Essas decisões refletem uma vontade de reduzir gradualmente a dependência energética de Moscou, preparando-se para um cenário sem o gás russo.
Medidas de diversificação energética
A partir de janeiro de 2025, Ucrânia encerrou o trânsito de gás russo por seu território, custando a Moscou cerca de €5 bilhões por ano.
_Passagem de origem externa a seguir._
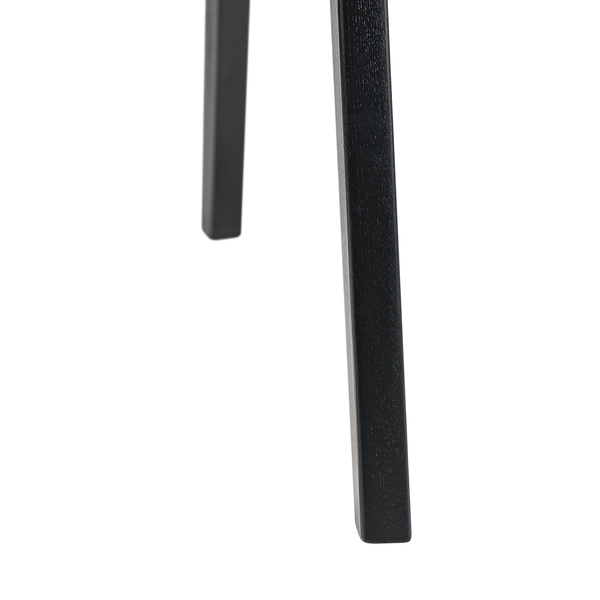 Esszimmerstuhl Bogmoor (2er-Set) - Kunstleder / Esche massiv - Schwarz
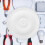 OUNONA decorative ceiling light medallion 1 set 8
Em paralelo, a UE intensifica negociações para:
- Investir em hidrogênio verde e renováveis.
- Comprar GNL de EUA, Catar e Austrália.
- Expandir gasodutos vindos da Noruega e do Azerbaijão.
Impacto econômico interno
A adoção de sanções mais drásticas acarretará custos para consumidores e empresas europeias:
- Inflação energética: projeções indicam que um embargo total de gás pode elevar a inflação do setor de energia de cerca de 5 % para até 15 % no curto prazo, com reflexos em eletricidade e aquecimento.
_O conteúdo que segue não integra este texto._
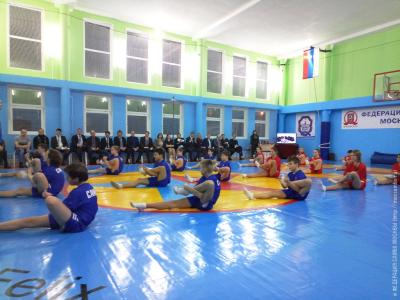 Проект «Самбо в школу»: открытие зала в школе № 141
- Pressão sobre preços ao consumidor: custo de fertilizantes, produtos químicos e transporte deve subir, ampliando o custo de alimentos e bens manufaturados.
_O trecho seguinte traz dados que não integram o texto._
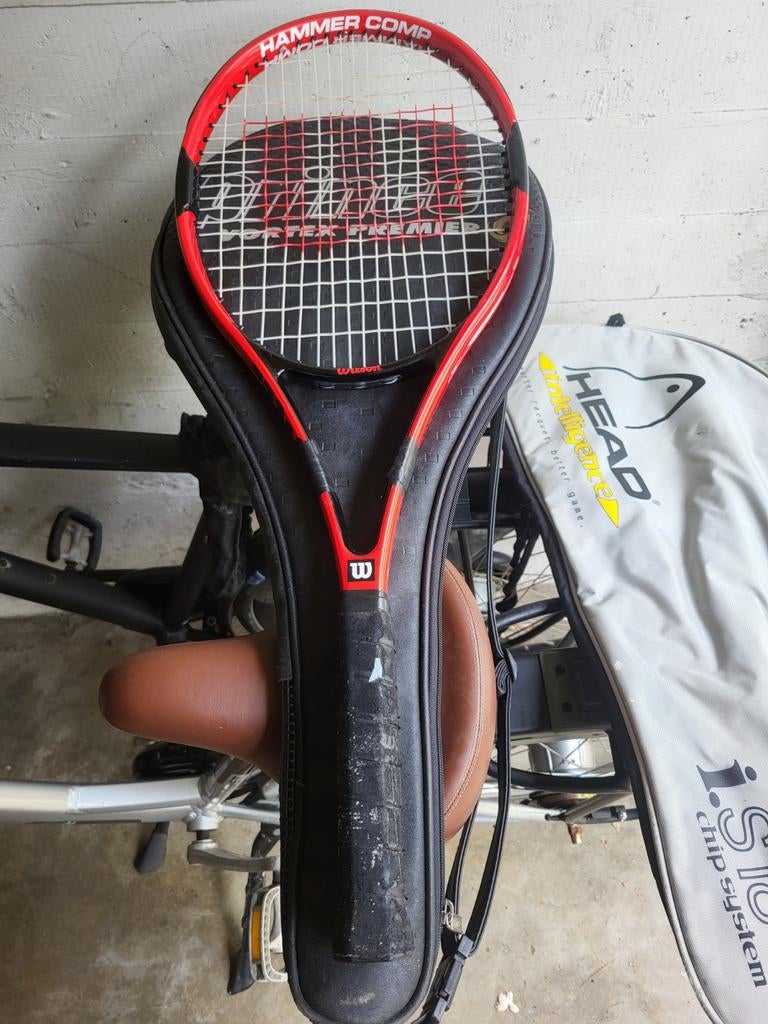 Wilson Hammer Comp Tennisracket met hoes, Ophalen of Verzenden, Gebruikt, Racket, Wilson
- Medidas sociais de mitigação:
- Subsídios tarifários para famílias de baixa renda.
- Créditos fiscais e linhas de crédito para indústrias intensivas em energia.
- Programas de eficiência energética, financiamiento a isolamento e equipamentos de menor consumo.
Reação de Moscou e implicações geopolíticas
Vladimir Putin manteve os ataques mesmo durante as negociações de paz em Istambul, reforçando a percepção de que busca consolidar ganhos militares antes de qualquer trégua. Frei acusou o presidente russo de “jogar para ganhar tempo” e defendeu que sanções rigorosas são condições prévias para uma negociação realista.
Em paralelo, EUA e China monitoram as propostas europeias. A relutância de Washington em impor novas sanções secundárias — especialmente sob a administração Trump — aumenta o desafio à coesão transatlântica, mas também estimula a UE a buscar autonomia estratégica em seu território.
Apoio militar à Ucrânia
No orçamento provisório de 2025, a Alemanha prevê €7 bilhões em auxílio militar a Kiev, mas Frei não descartou ampliação desse montante, caso a situação no front se agrave. A medida reforça o compromisso de Berlim com a defesa europeia e a resistência ucraniana.
Box Explicativo
Termo | Definição |
---|---|
Shadow fleet | Frota clandestina de petroleiros que altera bandeiras e registros para driblar sanções. |
Tapping frozen assets | Uso de recursos russos congelados em bancos ocidentais para financiar ajuda ou cobrir despesas. |
Embargo de urânio | Proibição de importação de urânio russo, afetando reatores civis em vários países. |
Nota: Já explicamos o funcionamento da shadow fleet em um artigo exclusivo — clique aqui para acessá-lo.
Conclusão
A nova postura da chancelaria alemã sinaliza uma virada estratégica nas relações entre Europa e Rússia. Ao propor medidas que impactam diretamente os interesses energéticos e financeiros de Moscou — como o embargo ao gás e o uso de ativos congelados — Berlim desafia a inércia diplomática e busca restabelecer a credibilidade das sanções. No entanto, tais medidas não são isentas de custos internos, e exigirão compensações sociais robustas para manter o apoio popular. O embate não se limita ao campo econômico: trata-se de uma disputa por valores, estabilidade continental e autonomia política. Resta saber se a União Europeia está disposta a pagar o preço da coerência.